The topic of “embedding feminism in military operations as a justification” was another issue El-Guindi brought up, calling it another form of racism. “What is needed is a different kind of feminism, one that is free from military colonial projects,” she said. “One that promotes economic justice and unites women and men as it respects cultural difference ... and common humanity. We call come from the same roots.”

The final speaker on the panel, Carolyn Rouse, an assistant professor of anthropology at Princeton University, talked about the issues surrounding discussions and representations of secularism and religion.

“Is there a difference between secularism and religion?” she asked. “We construct meaning around patriotic events ... things like childbirth ... we imbue everything with meaning. So the divide between secularism and religion is sort of a false divide.”

She also discussed the misconceptions about Islam. “We sometimes make a lot of assumptions about how secularism or Western religions are tolerant in a way that Islam isn’t. There is this assumption that somehow Islam has this kind of power over people that secularism doesn’t,” Rouse said.

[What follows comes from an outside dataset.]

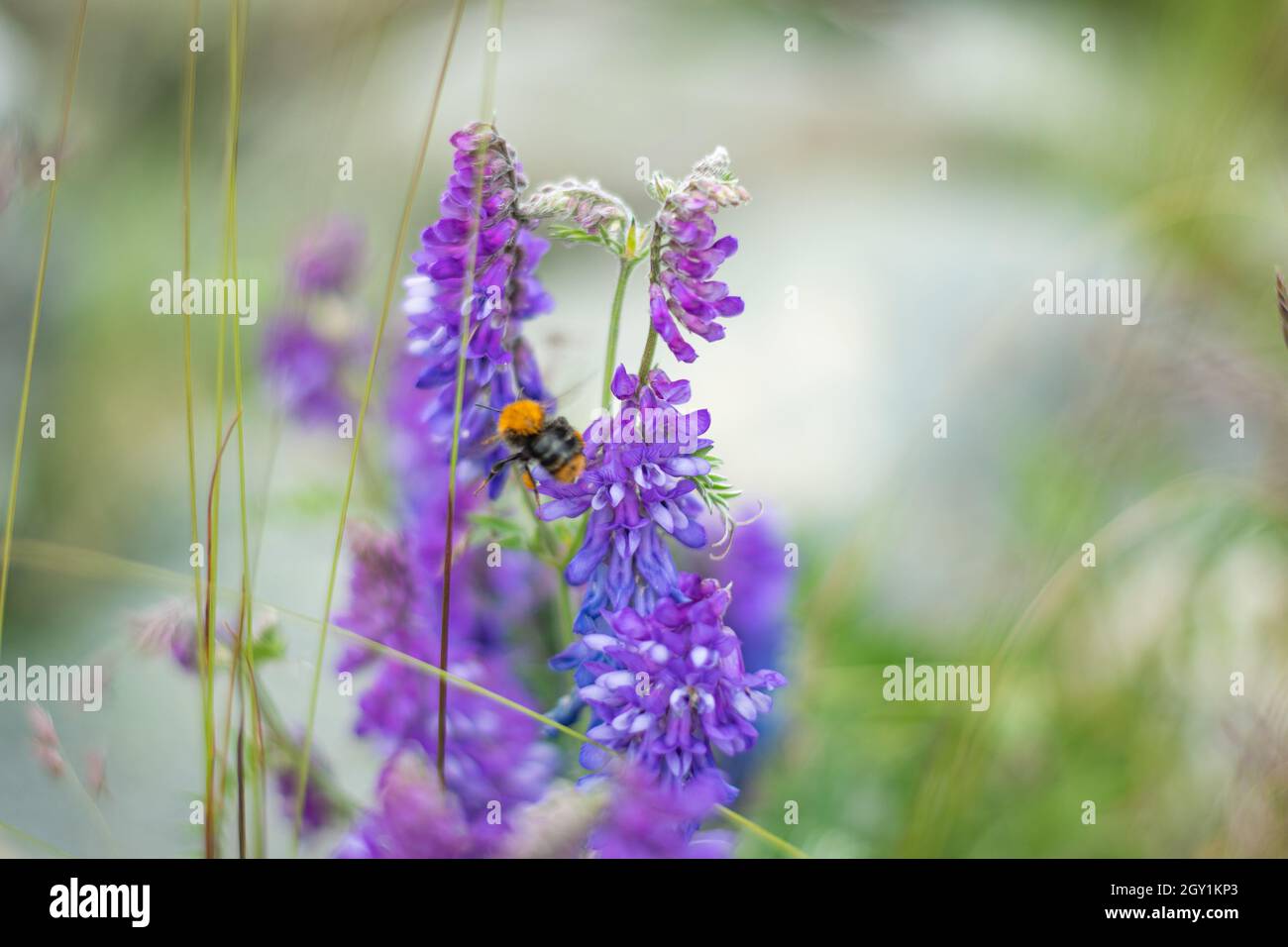 Isolato ape di miele di insetto selvatico mentre succhiando nettare dai fiori di lavanda su sfondo naturale con profondità di campo poco profonda. Foto Stock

That idea that Islam has some sort of hold over women is a major issue in media representations, Rouse argued.  Muslim women understand that they are being oppressed, she said, but “what bothers me is that we always use what Muslim women do as sort of an example of oppression.”

Rouse also talked about the idea that women who convert to Islam do so because they are being forced to by this unseen power that isn’t present in secularism or Western religion.

“When I talk to women who convert, they have decided to surrender to a particular set of ideas [because they] think there are certain natural laws, objective natural laws, and we agree that these are laws that we want to surrender to,” Rouse said.